Pemecatan Alfred Riedl Menuai Pro dan Kontra


Belum lama terpilih menjadi ketum PSSI, keputusan Djohar Arifin memecat Alfred Riedl menuai pro kontra berbagai lapisan masyarakat mulai  dari orang awam, pengamat sepakbola maupun dari pemain sepakbola itu sendiri.
Alfred Riedl

Adalah hak dari PSSI untuk memecat maupun memilih seorang pelatih, namun rasanya pemecatan Alfred Riedl di saat sekarang waktunya kurang tepat. Betapa tidak di saat timnas persiapannya sangat mepet dalam menghadapi PPD 2014, pelatih yang telah menyatu dengan tim malahan diganti oleh pelatih baru. Sedangkan pelatih dan pemain butuh waktu untuk dapat saling memahami masing-masing karakter.
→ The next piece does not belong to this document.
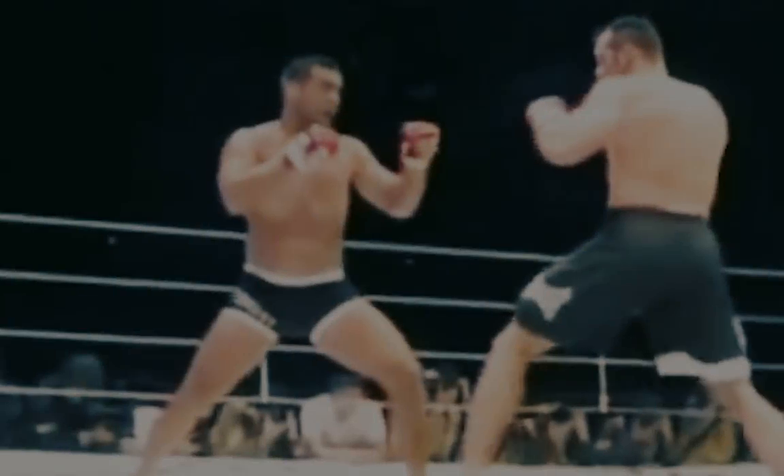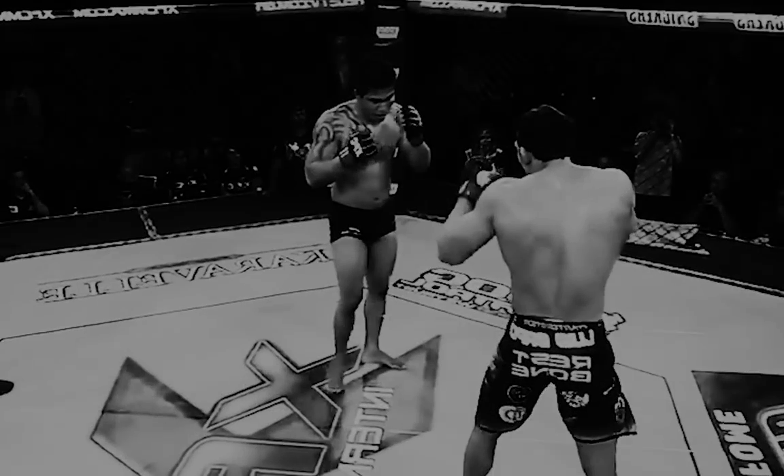If you look up the front snap kick, or Mae Geri techniques landing clean, you'll find that it's one of the most terrifying ways to smash the off switch. The technique is so simple and it comes so fast, yet due to its slow frequency in the arena, often the opponent does not even see it coming.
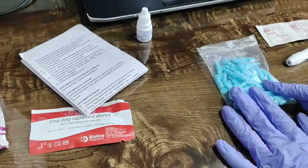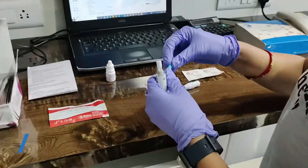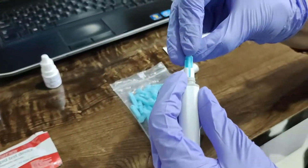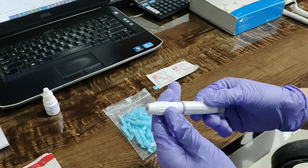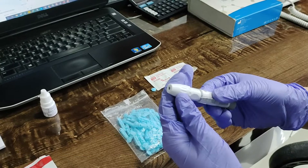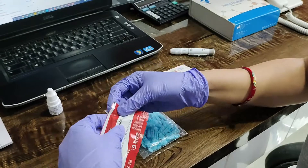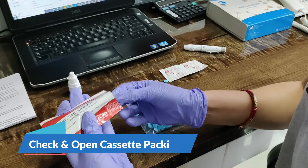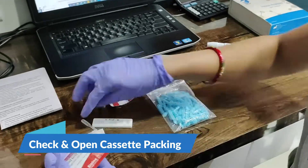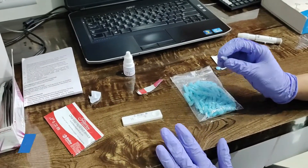You will be requiring a lancet — a picking needle or pen, you can say — or a swab. You will use a hot fresh needle. To open the cassette, it includes the cassette, dropper, and the desiccant. We will place it on an even surface.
Kenapa tidak menunda pergantian ini dan dilakukan setelah pertandingan melawan Turkmenistan. Atau bila penyebabnya ketidakjelasan kontrak, kenapa Alfred Riedl tidak disodori kontrak baru?? Pertanyaan-pertanyaan ini muncul di benak masyarakat.. Coba tengok di jejaring sosial twitter atau facebook, komen negatif berseliweran atas kasus pemecatan Alfred Riedl ini. Masyarakat sudah terlanjur menyukai Alfred Riedl karena walaupun gagal membawa Indonesia menjadi juara AFF tapi telah memberi sentuhan yang positif bagi timnas.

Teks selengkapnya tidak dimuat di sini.